Deuxième question que vous avez posée, c'est la question des sanctions. J'ai eu plusieurs fois l'occasion de le dire, je l'ai évoqué brièvement dans mon propos d'accueil, mon propos liminaire, les sanctions ne sont pas un but en soi. Nous souhaitons d'ailleurs qu'elles soient levées le plus vite possible, mais comme elles ont une origine, c'est-à-dire la situation ukrainienne et que pour la résoudre, a été mis en place un format, une méthode, le format Normandie, auxquels participent la France, l'Allemagne, la Russie et l'Ukraine, pour mettre en oeuvre des accords qui sont intervenus à Minsk, c'est les accords de Minsk. Il y a des progrès mais qui aujourd'hui ne sont pas suffisants à nos yeux et donc le message que j'ai adressé à la Russie et qui est celui que le président de la République a aussi évoqué, c'est que nous souhaitons ces avancées et que nous ne sommes pas fermés à des rapports d'étape au fur et à mesure pour que nous allions dans cette direction qui est souhaitée, c'est-à-dire à la fois les accords de Minsk mais aussi la levée des sanctions. C'est possible, il y a beaucoup d'efforts à faire. Nous essayons d'y contribuer de toutes nos forces, de toute notre conviction et la Russie a à prendre sa part mais l'Ukraine aussi a sa part à prendre.

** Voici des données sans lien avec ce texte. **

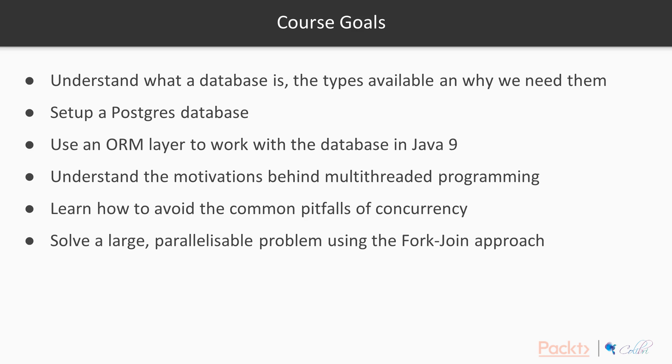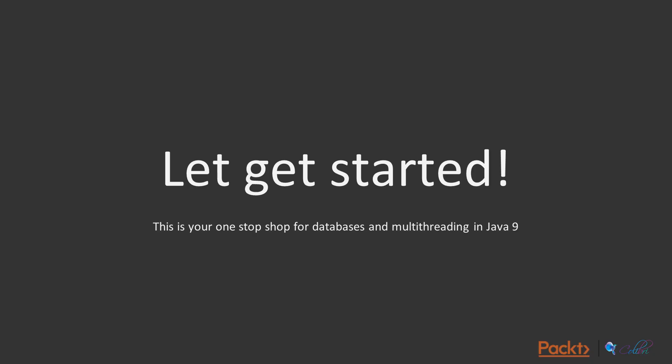We're going to use an object-relational mapping layer to work with the database in Java 9. We need to understand the motivations behind multithreaded programming. We want to learn how to avoid the common pitfalls of concurrency in multithreaded programming. And finally, we're going to solve a large parallelizable problem using the fork-join approach.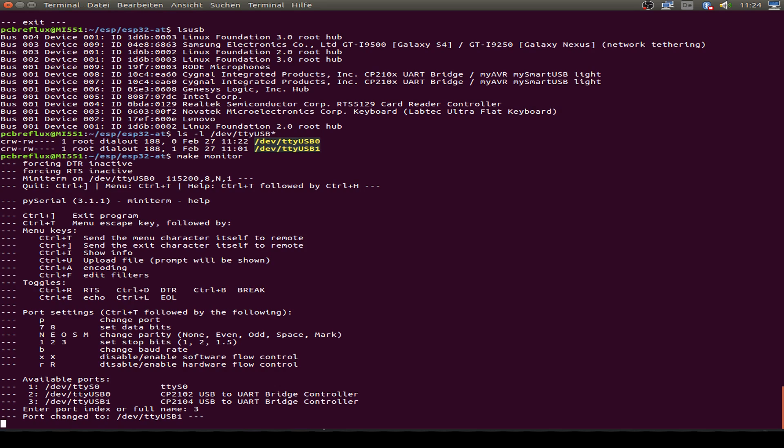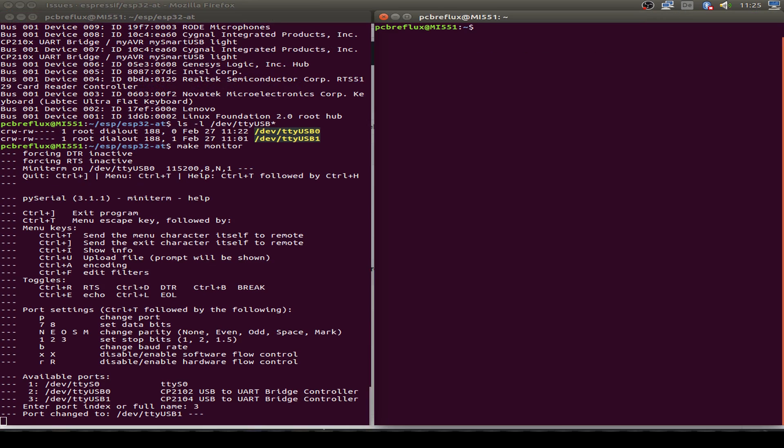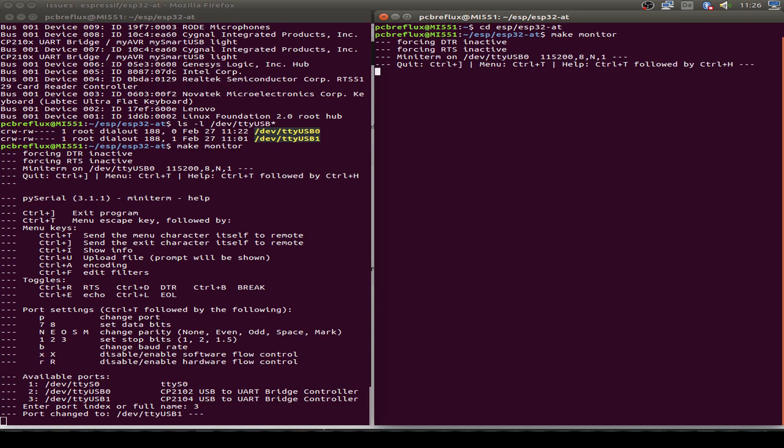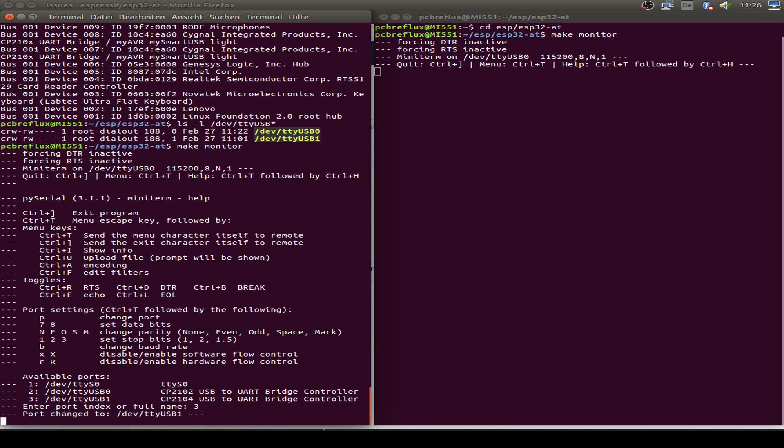Then I want to also show the debug output on TTY USB 0. So let's open a second window and change to the folder ESP32-AT and also type make monitor. This time we use the default connection, TTY USB 0. Now let's press the reset button on our ESP32 and see what happens. On this window we see the debug output and this is our AT command console.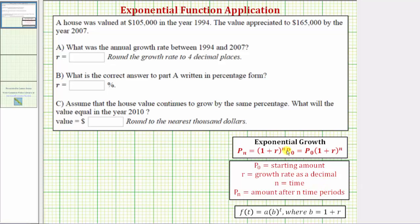Many other sources express an equivalent equation as F of t equals A times B raised to the power of t. It's important to recognize these two equations are equivalent — they just use different variables. A is the starting amount, same as P sub zero. B, the base, equals one plus r, where r is the growth rate as a decimal. And t is time, the same as n.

Voilà dans quel esprit nous avons échangé.
* Turquie - Attentat à l'aéroport d'Istanbul
(...)
Bien sûr, nous avons évoqué ensemble l'attentat odieux qui vient de se produire en Turquie et qui a frappé à nouveau, à l'aéroport international turc à Istanbul. 41 morts, c'est le bilan à l'heure où nous vous parlons et une fois de plus, nous constatons que le terrorisme a frappé, mais il frappe partout. Il frappe partout, en France, en Russie et sur tous les continents. Je voudrais ici, en cet instant, renouveler la solidarité de la France au peuple turc tout entier mais aussi à toutes les familles des victimes.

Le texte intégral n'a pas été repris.